Mercredi 13 février 2008 3 13 /02 /2008 07:53

undefined Ceci est l’autopsie de quelques taches de peintures réalisées par votre grande prêtresse Aslé, artiste née incontournable des arts visuels… Certes ! Je vous l’accorde ma période bleue fut plus faste en voluptueuses facéties de volumes aériens déjantés de l’axe absolue. Mais j’entame un virage quasi incertain dans la propension de mes couleurs, c’est dire la proportion de mes oeuvres majeures à ce jour. Quant à mon être profond en cet instant, perdu dans  la déraison d’aquareller mon art brut, il vous assurera la beauté de votre âme si vous lui trouvez quelque charme en peinture.

L’original, car hélas ici je ne peux livrer qu’une pâle copie grossie d’un détail, tant la toile immense déborderait la mer de l’océan de mes pensées… se trouve en lieu sûr au musée des Beaux Arts de La Frioulaisie Sur Mer.

Pour sonner la gardienne, crier Fanny et elle vous tricotera pour un sourire la biographie de ma talentueuse vie.

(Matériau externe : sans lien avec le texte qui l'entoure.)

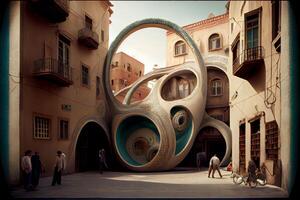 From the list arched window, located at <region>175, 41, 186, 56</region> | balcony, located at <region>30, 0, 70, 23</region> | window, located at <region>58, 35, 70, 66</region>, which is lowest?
window, located at <region>58, 35, 70, 66</region>

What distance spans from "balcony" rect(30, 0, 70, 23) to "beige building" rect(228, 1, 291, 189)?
9.14 metres

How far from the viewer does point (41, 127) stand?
1403 cm

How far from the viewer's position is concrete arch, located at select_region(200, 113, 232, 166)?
22031 mm

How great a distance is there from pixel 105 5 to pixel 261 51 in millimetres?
13846

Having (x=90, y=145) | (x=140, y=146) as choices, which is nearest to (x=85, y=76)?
(x=90, y=145)

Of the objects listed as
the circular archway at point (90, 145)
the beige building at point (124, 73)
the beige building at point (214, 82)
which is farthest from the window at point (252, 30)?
the beige building at point (124, 73)

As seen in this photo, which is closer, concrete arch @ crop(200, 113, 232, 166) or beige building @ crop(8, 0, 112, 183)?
beige building @ crop(8, 0, 112, 183)

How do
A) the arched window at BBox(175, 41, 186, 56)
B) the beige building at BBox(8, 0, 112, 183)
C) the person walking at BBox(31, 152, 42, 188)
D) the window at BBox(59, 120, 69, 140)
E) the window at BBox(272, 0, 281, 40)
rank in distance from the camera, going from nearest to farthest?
the person walking at BBox(31, 152, 42, 188)
the window at BBox(272, 0, 281, 40)
the beige building at BBox(8, 0, 112, 183)
the window at BBox(59, 120, 69, 140)
the arched window at BBox(175, 41, 186, 56)

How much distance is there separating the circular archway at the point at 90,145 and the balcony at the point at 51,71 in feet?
18.1

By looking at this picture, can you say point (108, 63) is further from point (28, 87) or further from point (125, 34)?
point (28, 87)

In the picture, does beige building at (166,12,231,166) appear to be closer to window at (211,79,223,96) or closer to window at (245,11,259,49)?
window at (211,79,223,96)

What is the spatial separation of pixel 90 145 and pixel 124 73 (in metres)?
20.9

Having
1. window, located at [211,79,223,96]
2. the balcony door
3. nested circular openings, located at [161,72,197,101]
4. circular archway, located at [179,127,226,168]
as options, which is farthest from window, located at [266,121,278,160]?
nested circular openings, located at [161,72,197,101]

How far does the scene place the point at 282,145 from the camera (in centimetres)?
1024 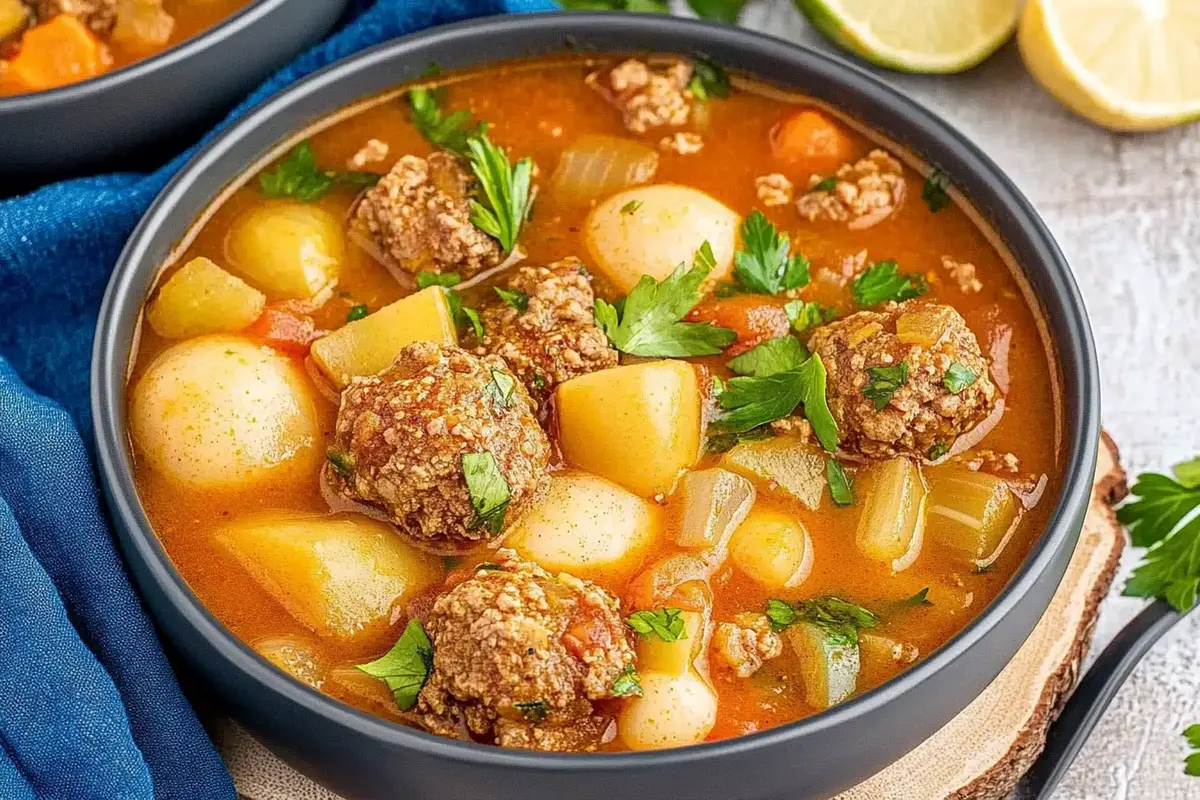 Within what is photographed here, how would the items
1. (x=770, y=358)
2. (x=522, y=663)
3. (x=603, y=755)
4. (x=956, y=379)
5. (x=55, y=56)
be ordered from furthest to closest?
(x=55, y=56) → (x=770, y=358) → (x=956, y=379) → (x=522, y=663) → (x=603, y=755)

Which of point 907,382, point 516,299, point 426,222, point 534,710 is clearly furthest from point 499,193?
point 534,710

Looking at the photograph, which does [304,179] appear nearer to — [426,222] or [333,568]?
[426,222]

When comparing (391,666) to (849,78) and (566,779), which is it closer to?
(566,779)

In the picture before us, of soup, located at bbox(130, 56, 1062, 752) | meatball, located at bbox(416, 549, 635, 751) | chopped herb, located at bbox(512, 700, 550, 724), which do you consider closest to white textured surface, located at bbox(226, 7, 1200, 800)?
soup, located at bbox(130, 56, 1062, 752)

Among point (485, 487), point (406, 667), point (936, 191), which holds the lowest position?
point (406, 667)

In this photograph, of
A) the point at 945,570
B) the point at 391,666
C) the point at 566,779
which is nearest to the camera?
the point at 566,779

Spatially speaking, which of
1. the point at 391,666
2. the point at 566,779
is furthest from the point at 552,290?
the point at 566,779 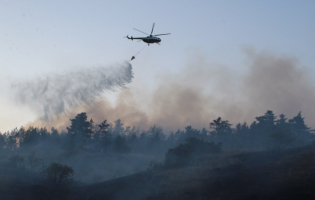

(Permettez…mais là ! je ris…non pas de Fanny parce qu’elle ressemble trop à une prof de français, une Corse, si…c’est fou les Corses loin de chez eux…Non bin je ris c’est tout…)

…Hum !! Que disais-je ?

Cela était sans importance car l’oubli m’a fait valse imprudence…L’urgence de ma question étant à présent la suivante : publierai-je en photo miniature, en photo moyenne ou en grande moyenne plus que petite ??   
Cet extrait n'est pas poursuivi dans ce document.